Customers have asked us for faster ways to deploy and extend portals directly supporting their business objectives, said Larry Bowden, vice president of portals and Web interaction services at Armonk, New York-based IBM.
That’s exactly what we are doing…we’re helping customers focus their efforts on business results by introducing a flexible set of accelerators and enabling easy application of Web 2.0 capabilities to their business initiatives.
IBM is also working on additional enhancements to its Portal platform that will allow companies to combine business data with Google’s new Gadgets – mini applications that work with Google’s home search page and Desktop or any Web page.
An IBM Portlet for Google Gadgets is expected sometime in the second half of 2007. IBM said it will allow users to integrate consumer-style web utilities into their corporate portal environment.
Bowden said that WebSphere’s support for web 2.0 technologies and its SOA design allows users to mash-up 5,000-odd portlets and services from IBM’s Portal Solutions Catalog. The customisation is powered by composite application templates, a drag and drop portlet palette and browser-based wiring tool.

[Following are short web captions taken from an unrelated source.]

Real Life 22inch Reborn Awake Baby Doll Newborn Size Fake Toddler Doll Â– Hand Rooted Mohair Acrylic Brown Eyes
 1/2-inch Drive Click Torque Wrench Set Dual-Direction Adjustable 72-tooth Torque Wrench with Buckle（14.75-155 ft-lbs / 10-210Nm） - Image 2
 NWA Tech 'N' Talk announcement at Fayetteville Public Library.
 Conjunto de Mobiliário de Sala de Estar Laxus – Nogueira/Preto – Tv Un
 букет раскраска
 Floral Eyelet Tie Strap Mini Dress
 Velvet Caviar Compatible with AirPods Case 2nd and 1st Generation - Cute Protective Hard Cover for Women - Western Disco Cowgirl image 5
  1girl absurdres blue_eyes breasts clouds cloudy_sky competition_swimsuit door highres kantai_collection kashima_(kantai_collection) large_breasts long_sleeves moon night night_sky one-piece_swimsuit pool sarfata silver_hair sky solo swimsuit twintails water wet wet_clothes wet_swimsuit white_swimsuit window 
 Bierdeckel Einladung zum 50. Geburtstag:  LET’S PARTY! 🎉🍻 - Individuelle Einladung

He also pointed out that developers can take advantage of a new release of WebSphere Portlet Factory – a portlet development environment with out-of-the-box Ajax components for creating highly interactive Web browser-based applications.
IBM Websphere Portal Server is priced at $51,500 per processor.
The Dashboard Accelerator costs $67,000 per processor. The KPI Catalog is included at no charge for any licensed customers.
IBM is also offering WebSphere Portal Express Version 6.0, a collaborative portal solution for for mid-market firms or departments with less than 1,000 users. IBM is also selling an Express version as a single package that is flexibly priced from $2,300 for a 20-user pack, up to $39,999 per processor for extranet deployments.
The IBM Portlet for Google Gadgets will be offered as a no-charge feature of WebSphere Portal Server.